I just came across this site courtesy of Brad Feld: Save Google Free China
Let me state at the outset that I am disappointed that Google is censoring results in China. However, I don’t believe they have a choice. If you set up shop in a foreign country, you have to follow their laws. Period. The only option is for Google not to set up in China. Some argue that they shouldn’t be there at all. Here’s my take on why China’s citizens are ultimately better off with Google there.
I believe that a democratic revolution in China will not be because of people yearning for abstract concepts like democracy and freedom.
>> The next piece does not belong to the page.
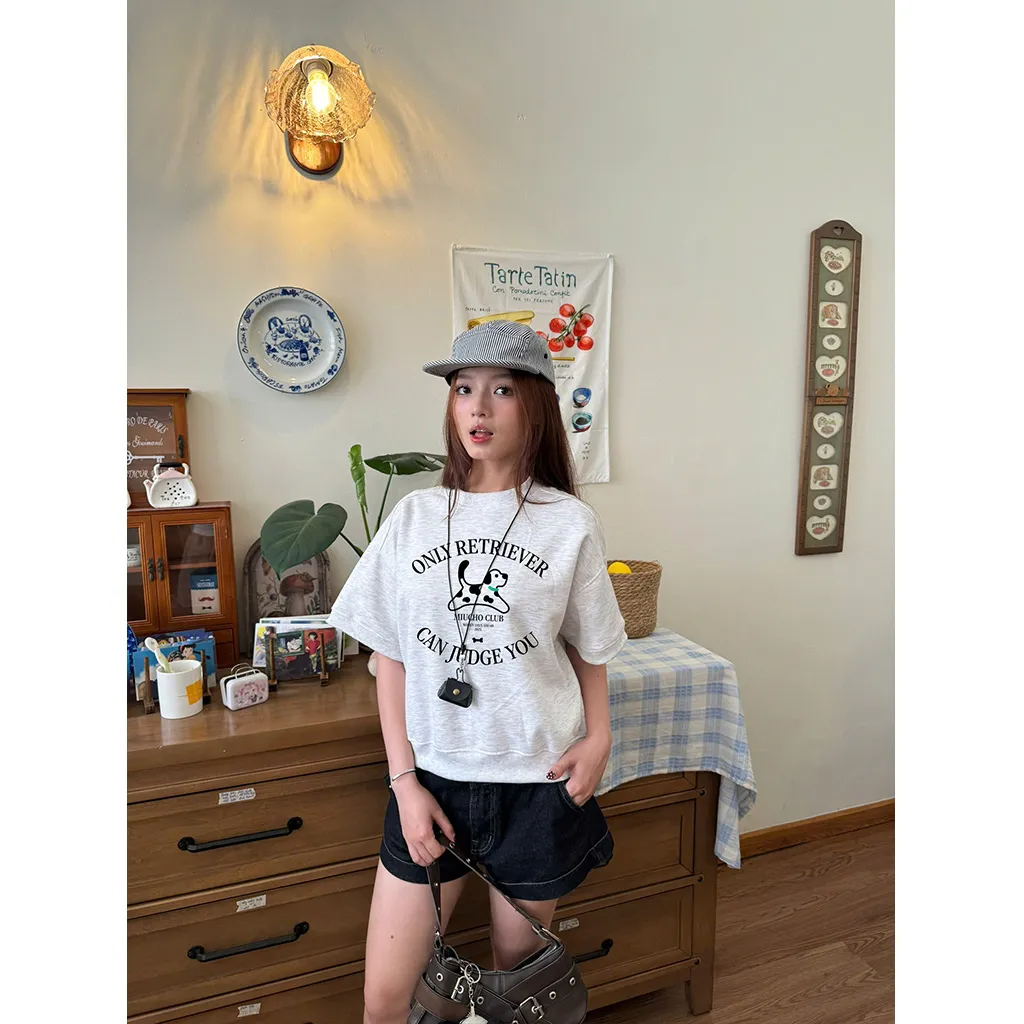 Áo sweater boxy tay ngắn phong cách Hàn Quốc 2597 Miucho vải nỉ 2 da thoáng mát cổ tròn in mix_thumbnail_5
Rather, it will be driven by kitchen-table issues such as the environment (safe drinking water), workplace safety (China loses a tremendous number of people in mining accidents every year) and property rights (the government is quick to condemn old neighborhoods in favor of developers).
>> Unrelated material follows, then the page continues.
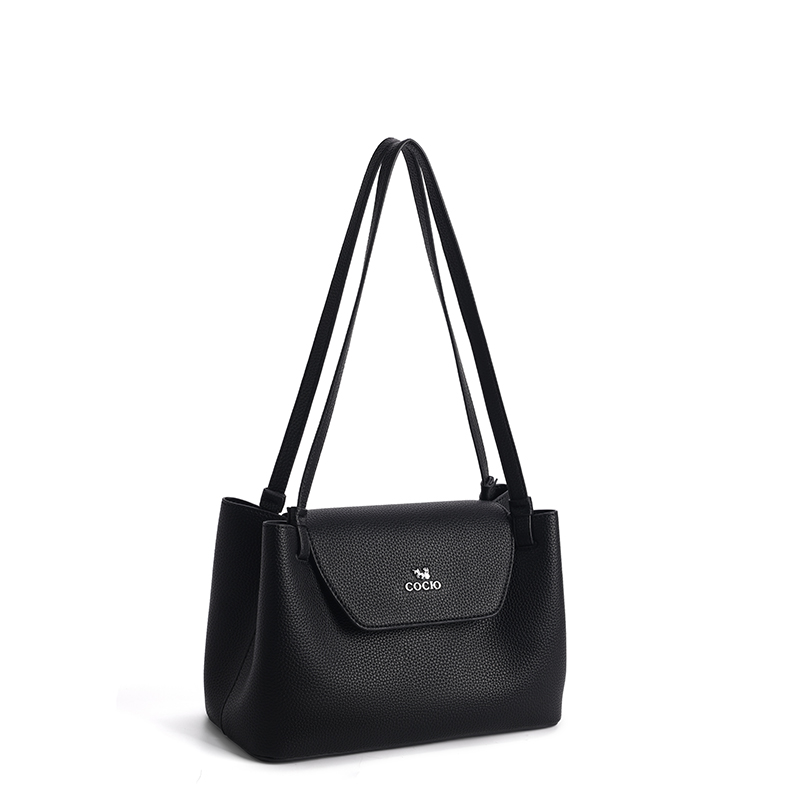 女性用ブラックレザーハンドバッグ、構造化フラップバッグ、ダブ - Shoulder Bag Structured のレビューと価格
Contrary to the image of China as an authoritarian place with no free speech, there are already thousands of protests every year, usually around these issues.
Because of this, I think the value Google brings to China is not pictures of Tianenman Square crackdown, but rather information about, say, PCBs, or how workplace safety is managed in the West. Or even better, tips for organizing a protest. These real-world issues are not censored in China to the same extent that politically explosive (embarrassing, face-breaking) things like Tianenmen Square are.
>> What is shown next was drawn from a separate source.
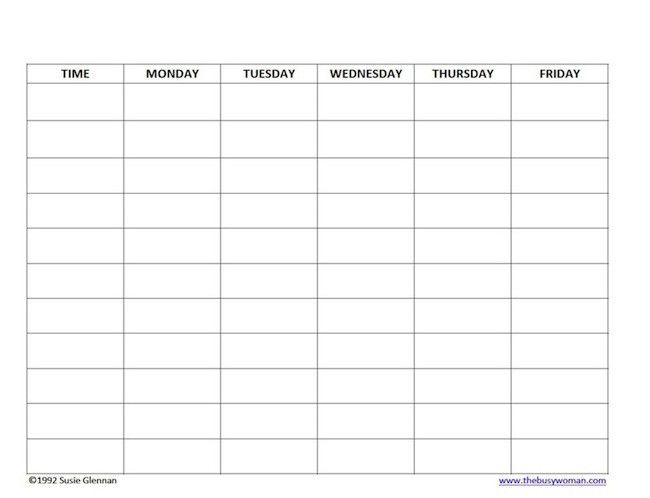 weekly schedule blank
Many things are openly discussed. For example, everyone there agrees that the Cultural Revolution and Great Leap Forward were disasters, and they’re free to say so on web sites, in print and on TV.
Don’t get me wrong: China is far from a model of liberty and democracy. But it’s better today than it was 10 years ago, and the Internet (along with western investment) has helped create that reality. I would bet all kinds of money that will be saying the same thing 10 years from now, and Google will have played an important role, much more so than if they stay out.
In the US and, I suppose, most of the West, the words “Tianenmen Square” usually stir up images of the Chinese government brutally suppressing the protests there in 1989. This is why I linked to English and Chinese versions of searches on the word “Tianenmen.”
However, I learned today on Slashdot (and confirmed with my wife) the Chinese people don’t use that phrase in connection with the 1989 protests. Instead, they usually refer to it as “6–4” because the crackdown began on June 4th. So here’s what a Google China search of “six four” (六四, pronounced liu si) looks like. None of these pictures have anything to do with the events of 1989.
From Pacific Epoch – Rumor: Google, Yahoo Courting Bokee
I happen to slightly know Lu Liang, the CTO of Bokee.com and met with him while I was in China last Fall. I emailed him about this but I don’t expect him to confirm it. Bokee used to be called Blog China.
Trivia: their platform was developed by Lu when he lived in Texas, where he spent and his wife spent several years going to school. They moved back to China last year, merged the company with Blog China and raised (I think) $10 million from a VC in the US.
I wonder if Google’s caving in to China’s demand that they censor search results is linked to this?